I think u should do the full coosa transom , for a few reasons. #1 more content for ur channel .I mean ur channel really help me with my 17ft boston super sport now it's perfect . #2 u wont have to ever redo it #3 it will be even stronger I mean the ocean is unpredictable and with ur family involved. Safety is no 1 priority. By the way love them bertram my dream boat.
As far as the transom per se, I doubt it matters structurally which method you choose. I'm confident you can do either correctly or make it look fantastic. Consider doing whatever is less time consuming. Now that the dead and live live loads (especially thrust) you've added to the transom by using outboards will be adequately supported by the transom, the concern is to ensure that the these loads will be transmitted to the stringer system and hull bottom/sides adequately to prevent over stressing the stringer/hull frame (racking and flexing). Great project Andy. Love the series.
I think if you're gonna fill the key holes with glass you should just redo the whole thing and make it all a solid piece of coosa.
You've gotten this far with removal of virtually the entirely of the reinforcement area.
If you continue on to the actual area they reinforced, you'll eliminate the uncertainty of questions about that area.
You'll be starting a new chapter for the reliability of the entire project, because You have addressed the area, compleatly.
The engines are large and lots to stress to the transom area is transferred from them to this area, best to know what you have with No surprises.
Great work Andy!👍🏻
I for one would like to see you fix the transom as is. Your work is stellar, and I believe it would be more realistic for us viewers to see you repair from the solid " leftovers" you have now. Love your work and channel !
Couldn't find the link to the poll. Everyone is going to say RIP out all wood and go with coosa .But seriously will the boat still be on the water 40 years now? Its solid wood ,you obviously know what you are doing, leave well enough alone and strengthen the top. Love your videos keep up the good work.
Andy, great job. You are a true pro. With transoms being a big problem with a lot of boats. I would like to see it stripped down to the plywood and replaced properly. A lot of viewers would benefit from the correct way to do their boats correct. Please show how to check for moisture before you tear in to the job👍
Getting ready to do the transom on my 26 CC and binge watching all your videos. Appreciate the effort taken to film and starting your channel.
Keep it and do your thing, it’s fine, like you said, it’s gonna last. I have no doubt whatsoever it will be perfect and strong enough to hold those monsters!!
Andy, don't spend all that time and headache ripping out the plywood. Since the plywood is dry then it will be fine like you say for 20-30 years, it makes no sense to remove it. I'd say just thicken it up with the new foam boards, enlarge the holes and fill them with epoxy and re-drill them to the original size so the plywood stays fully sealed. It will be more than strong enough. Love the attention you give to these projects, really great workmanship !

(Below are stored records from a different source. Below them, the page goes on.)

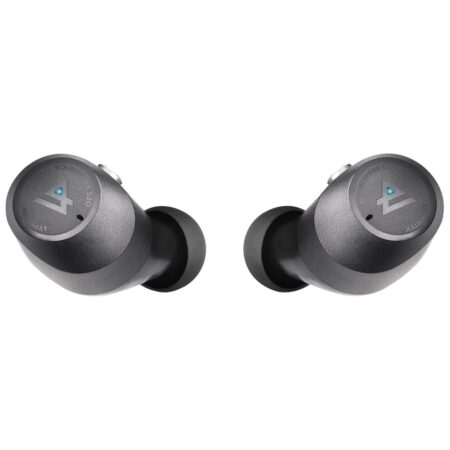 Lypertek SoundFree S20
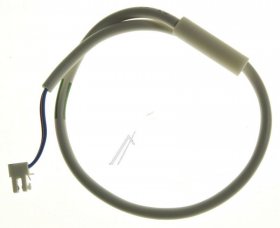 Liebherr Temperature Sensor For Refrigerators - Freezers - 694245200 Evaporator Probe Refrigerator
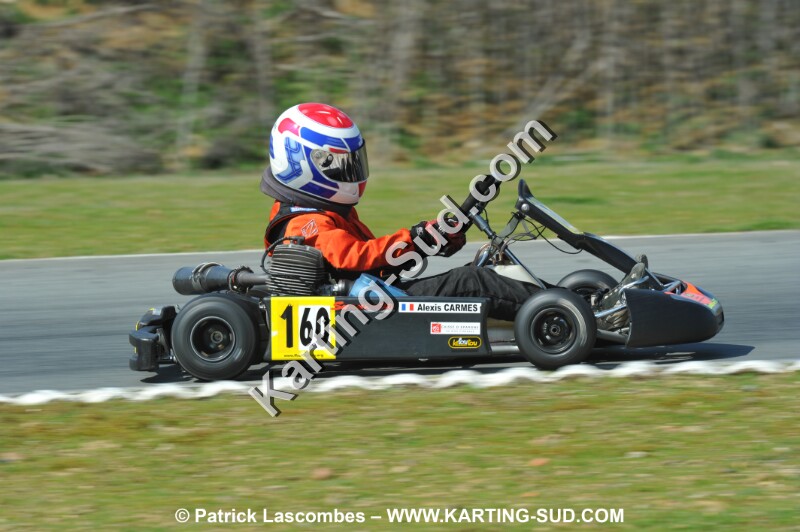 DSC_4439.JPG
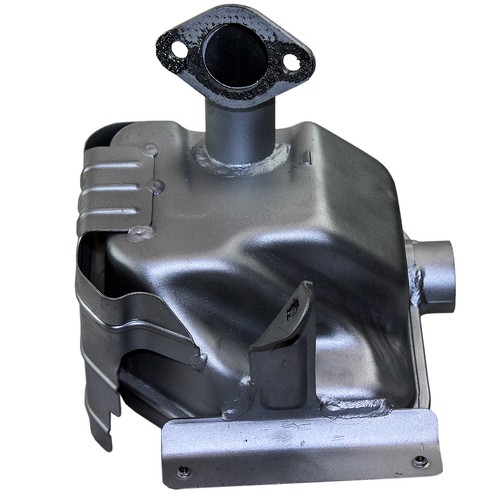 Ricambi briggs per motori - briggs, 11hp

I'd like to see you get out on the water this year.
Mars Rover it’s illegal right now in south Florida.
thank you for the non virus related content. also...
Mas on sail life had the same decision to make regarding his rotted stringers on athena. he decided to simply reinforce in place with enough material to make the rotted cores a non-issue because quite simply it was the easiest path to a workable solution. i learn something valuable and new from each of your videos and though i would dearly love to see the process of removal and reinforcement, perhaps the best lesson learned here is, "if it aint broke don't fix it."
Pez Pengy I think Mads messed up by just glassing over the rotten beams. If just adding a few more layers of glass made it as strong as glass laminated over wood don’t you think the original designer would have just made the whole thing out of a few more layers of glass to start with. There is no way that Mads way is stronger than original glass over wood plank . He may regret it later. I hope not though.
@@mwatkins2464 Mads Athena stringer lay up was engineered to the hull weight, there is no way it is weaker than the original in original condition which relied on the wood core (which decomposed) as part of the stringer strength. Go back and watch how many layers it took before you say "few more layers" again so you transfer the info accurately.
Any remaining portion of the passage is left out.